_Records provided_

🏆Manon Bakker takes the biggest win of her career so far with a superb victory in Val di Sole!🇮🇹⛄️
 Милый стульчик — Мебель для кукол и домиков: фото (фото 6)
* * *
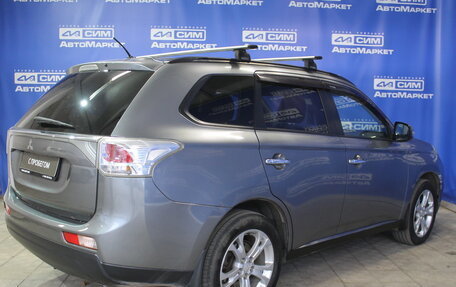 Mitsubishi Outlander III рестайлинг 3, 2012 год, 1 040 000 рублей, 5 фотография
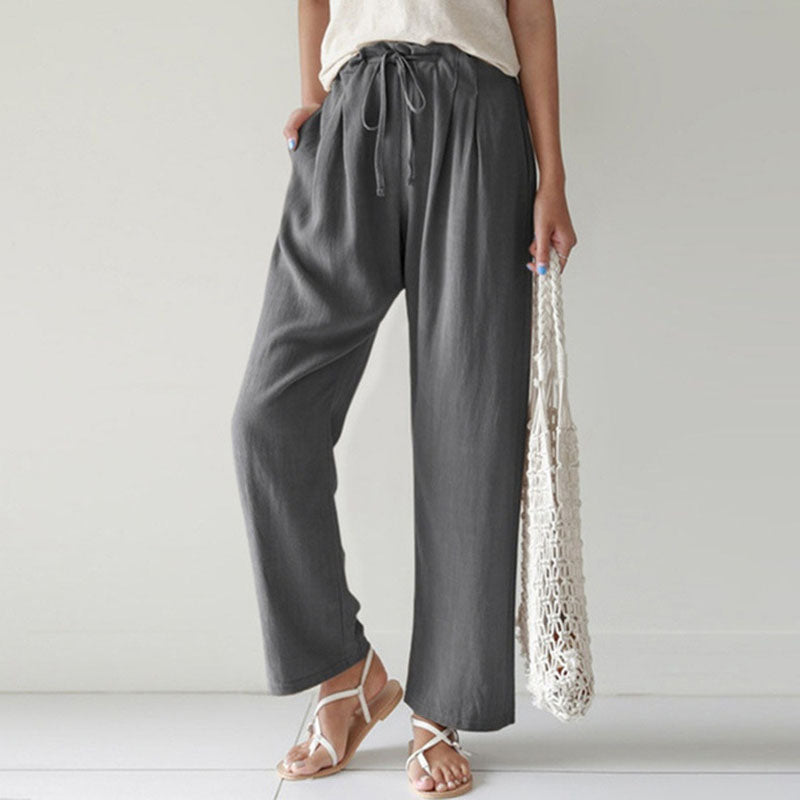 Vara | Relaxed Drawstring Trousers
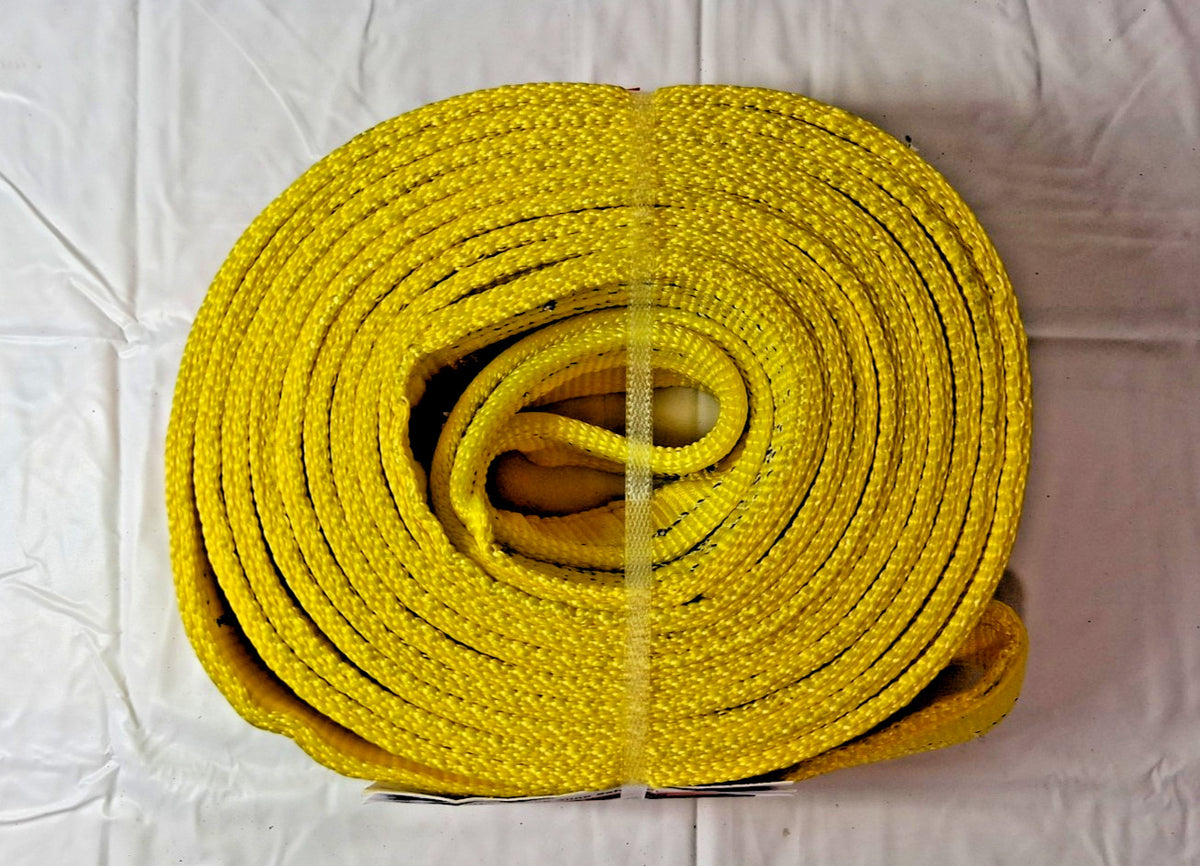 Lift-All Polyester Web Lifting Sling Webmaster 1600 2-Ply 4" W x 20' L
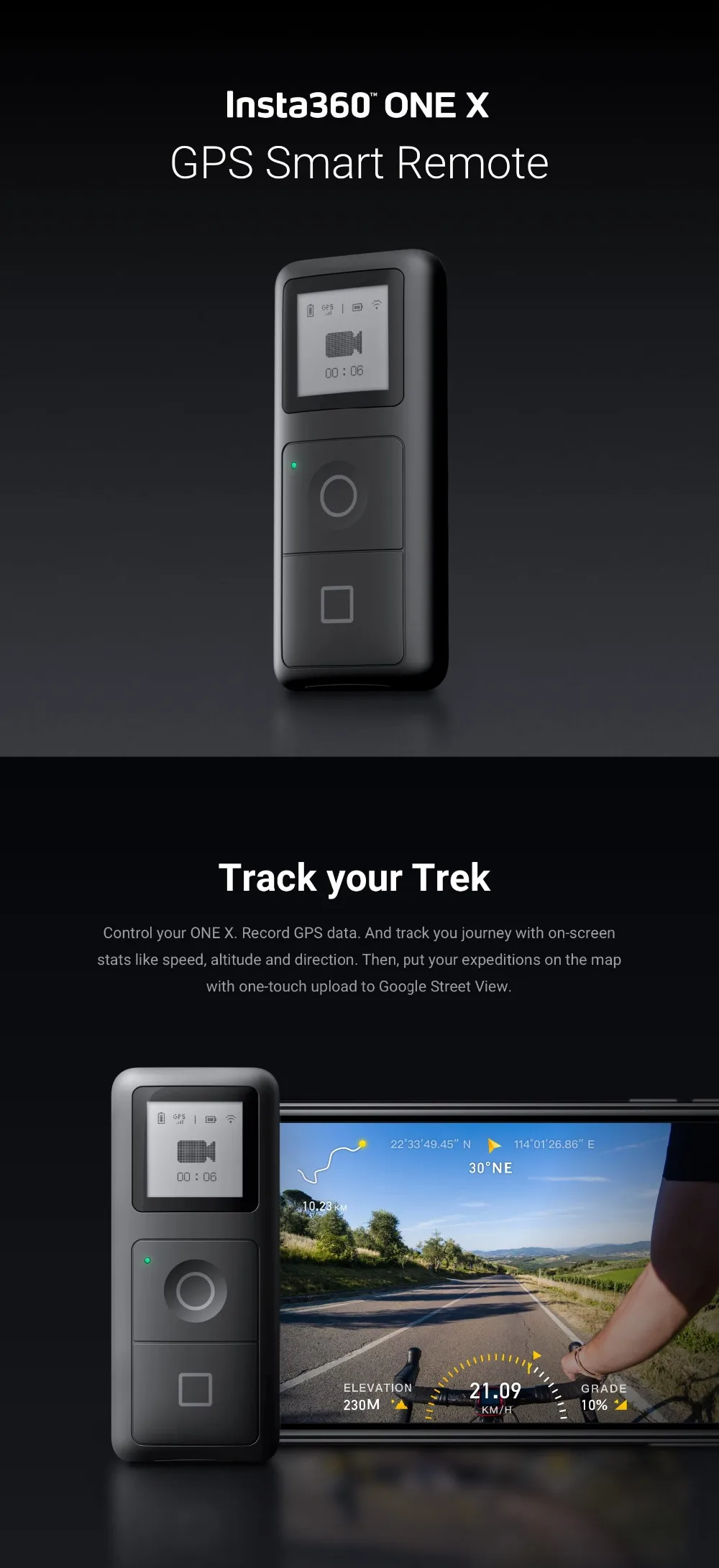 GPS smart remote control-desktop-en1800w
---
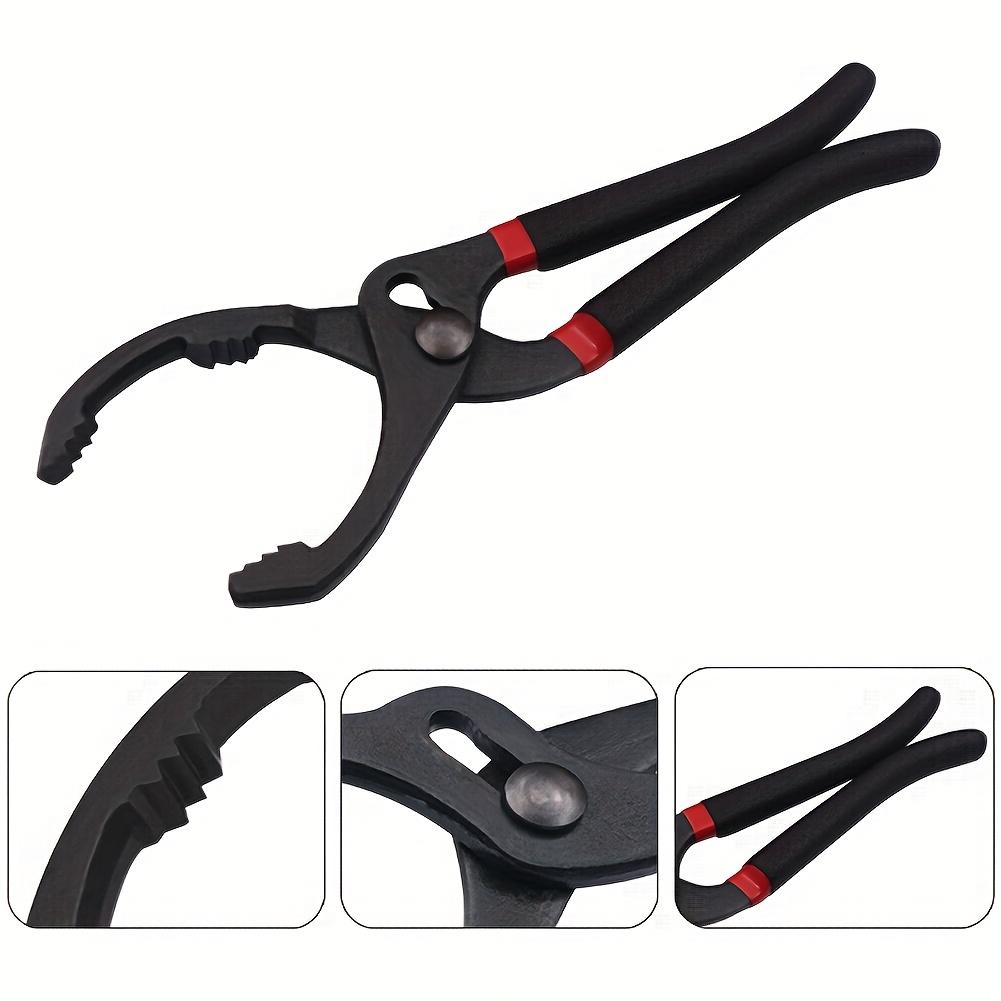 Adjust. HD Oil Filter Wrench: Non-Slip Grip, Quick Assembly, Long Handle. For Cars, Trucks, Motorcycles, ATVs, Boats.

_What to work on_
Both end lines included, restate word for word the lines above from the line with "Val di Sole!🇮🇹⛄️" to the line with "Милый стульчик —", and nothing else.

_Result of this exercise_
🏆Manon Bakker takes the biggest win of her career so far with a superb victory in Val di Sole!🇮🇹⛄️
 Милый стульчик — Мебель для кукол и домиков: фото (фото 6)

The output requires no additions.